(Beginning of SOURCE DATA)
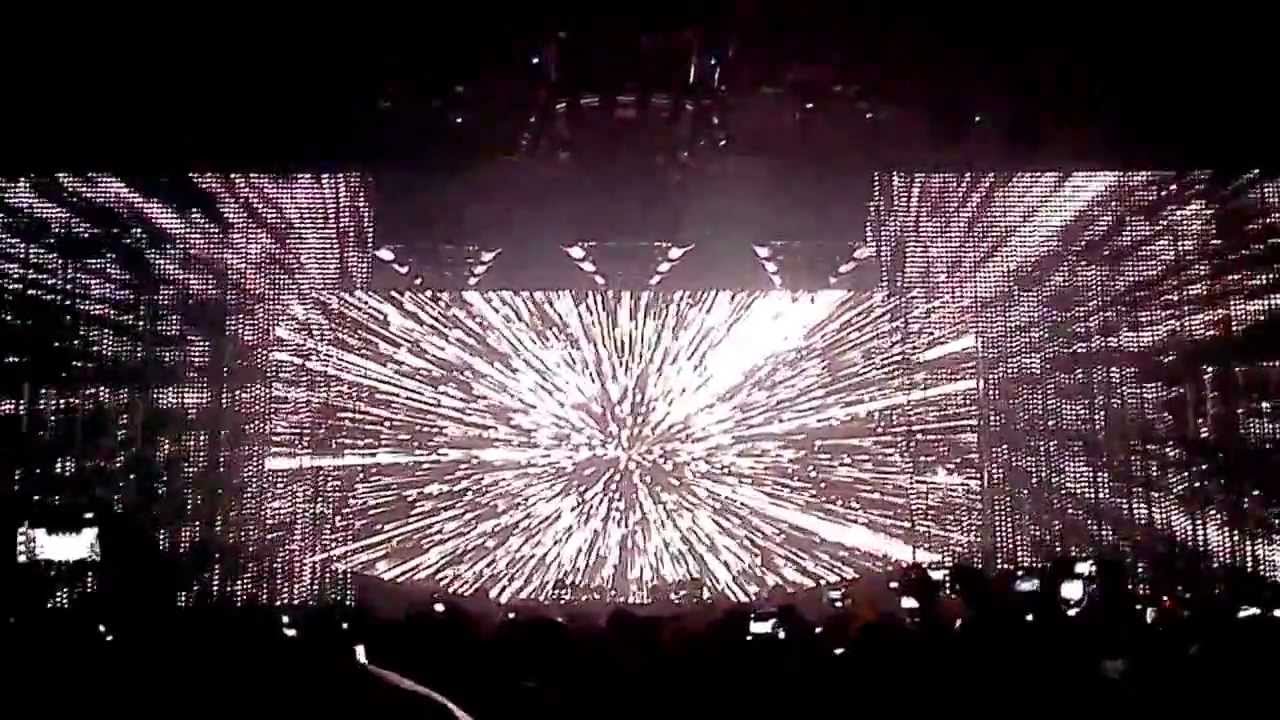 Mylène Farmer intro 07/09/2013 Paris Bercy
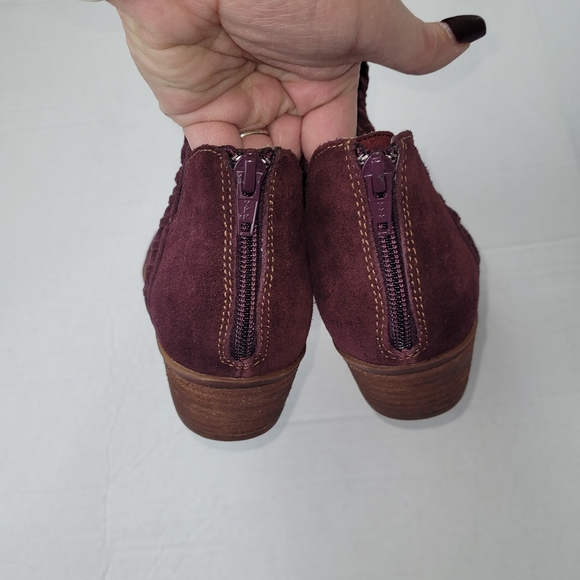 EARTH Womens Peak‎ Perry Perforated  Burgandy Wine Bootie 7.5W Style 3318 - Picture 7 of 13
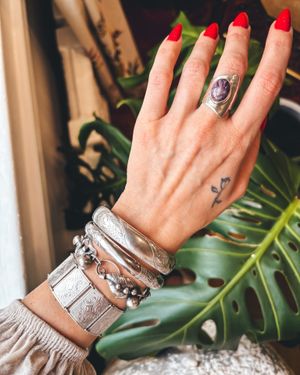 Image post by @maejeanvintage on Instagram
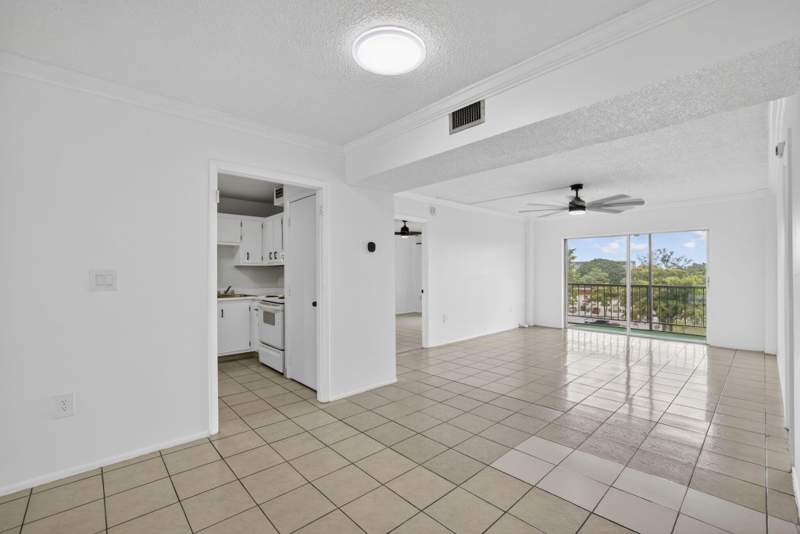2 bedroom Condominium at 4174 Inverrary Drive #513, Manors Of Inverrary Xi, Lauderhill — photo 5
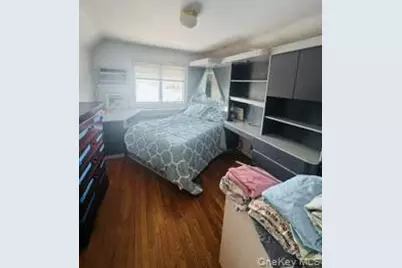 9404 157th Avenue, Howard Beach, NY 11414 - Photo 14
(End of SOURCE DATA)
(Beginning of SOURCE DATA)
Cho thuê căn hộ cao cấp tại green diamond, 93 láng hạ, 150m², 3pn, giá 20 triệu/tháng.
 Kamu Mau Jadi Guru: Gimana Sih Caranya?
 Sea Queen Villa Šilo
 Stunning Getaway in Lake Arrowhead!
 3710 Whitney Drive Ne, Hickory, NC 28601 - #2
(End of SOURCE DATA)
(Beginning of SOURCE DATA)
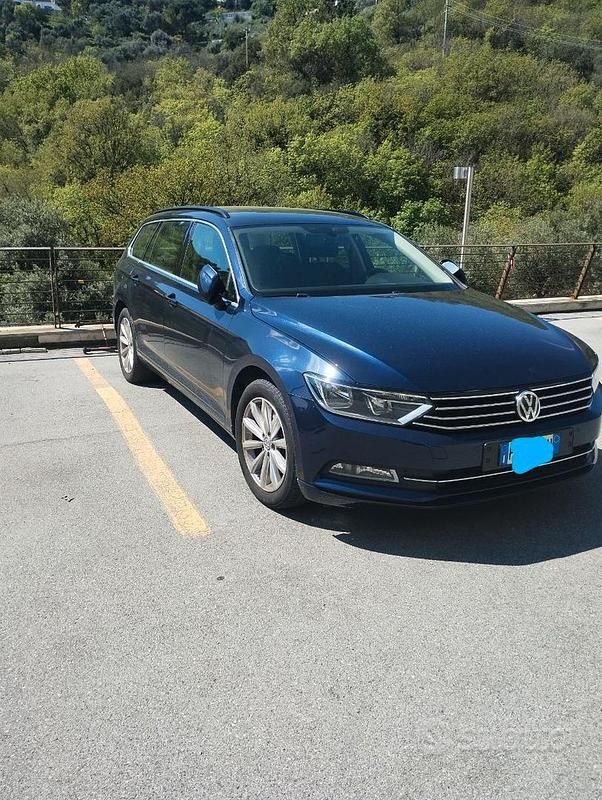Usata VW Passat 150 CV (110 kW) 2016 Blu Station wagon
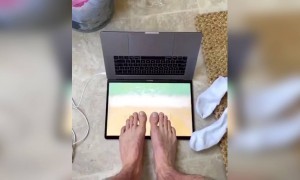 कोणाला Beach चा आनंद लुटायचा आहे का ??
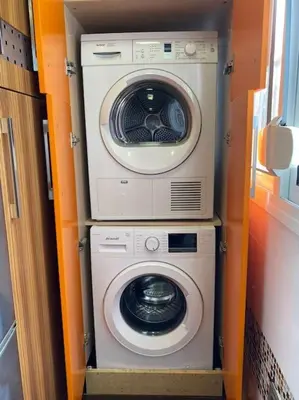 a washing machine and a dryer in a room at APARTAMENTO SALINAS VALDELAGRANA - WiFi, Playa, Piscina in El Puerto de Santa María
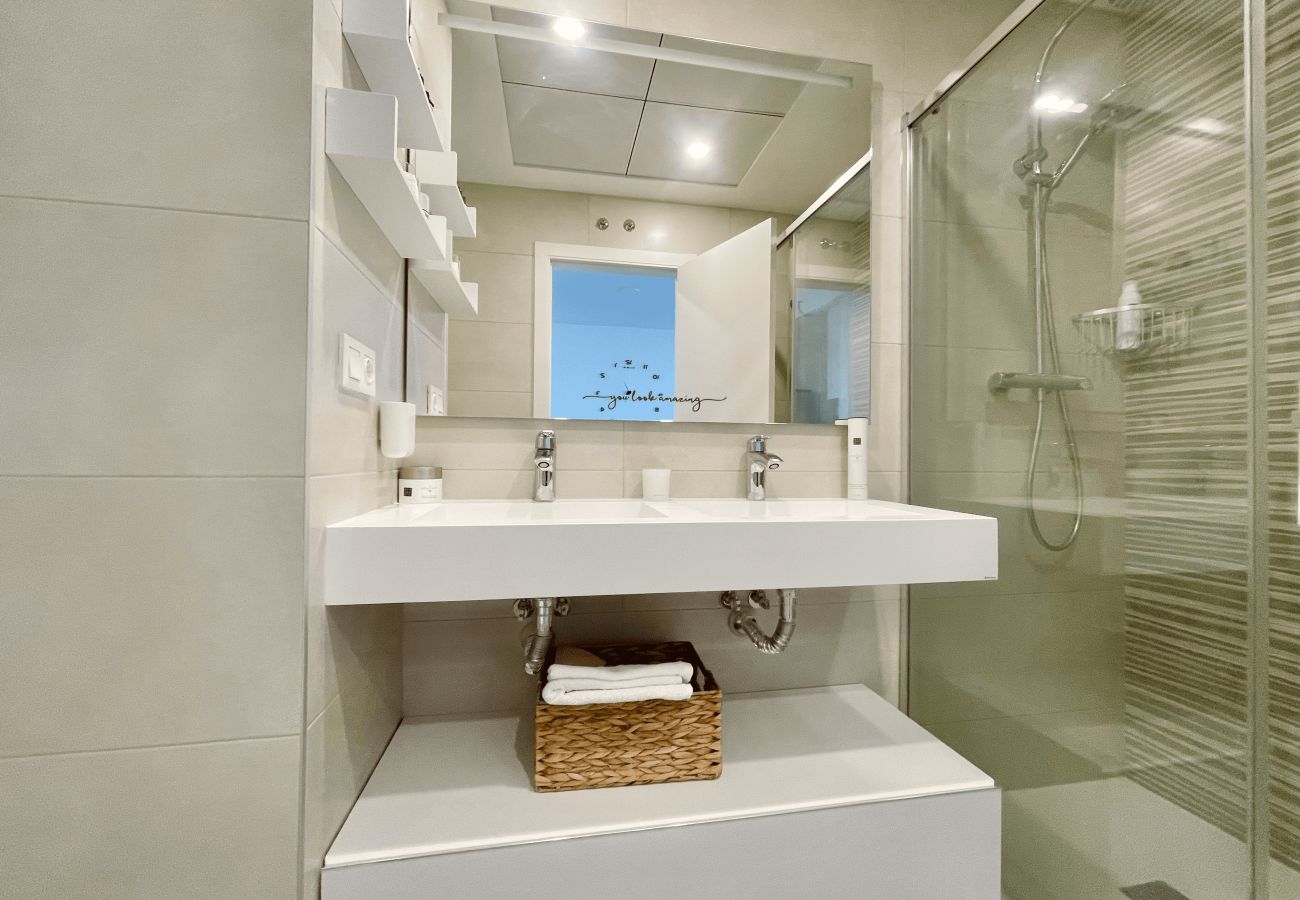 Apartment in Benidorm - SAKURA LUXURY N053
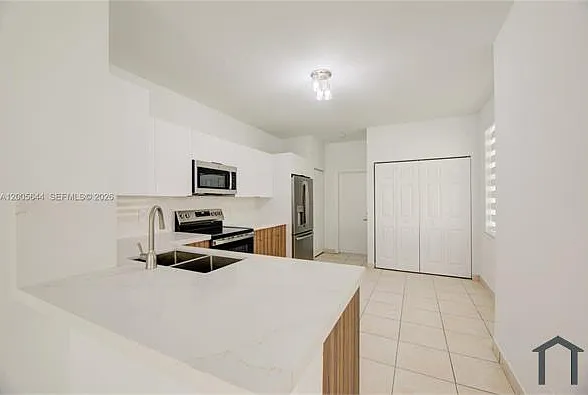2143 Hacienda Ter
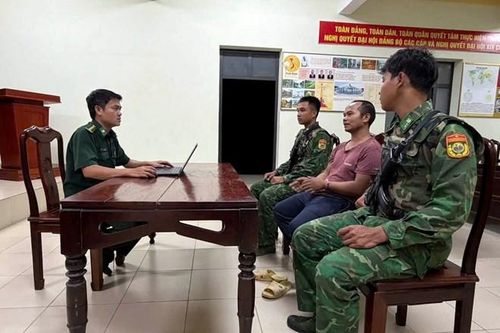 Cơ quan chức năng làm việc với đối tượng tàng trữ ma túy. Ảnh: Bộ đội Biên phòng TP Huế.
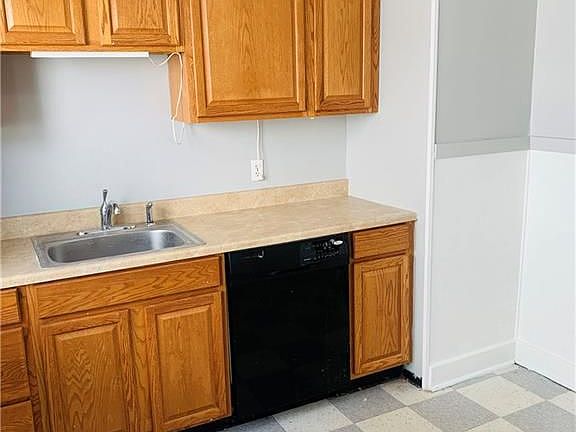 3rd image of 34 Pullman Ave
(End of SOURCE DATA)
Above are some records; extract exactly the lines from the one containing "a washing machine" through the one containing "3rd image of 34 Pullman Ave" and drop the pictures.

 a washing machine and a dryer in a room at APARTAMENTO SALINAS VALDELAGRANA - WiFi, Playa, Piscina in El Puerto de Santa María
 Apartment in Benidorm - SAKURA LUXURY N053
2143 Hacienda Ter
 Cơ quan chức năng làm việc với đối tượng tàng trữ ma túy. Ảnh: Bộ đội Biên phòng TP Huế.
 3rd image of 34 Pullman Ave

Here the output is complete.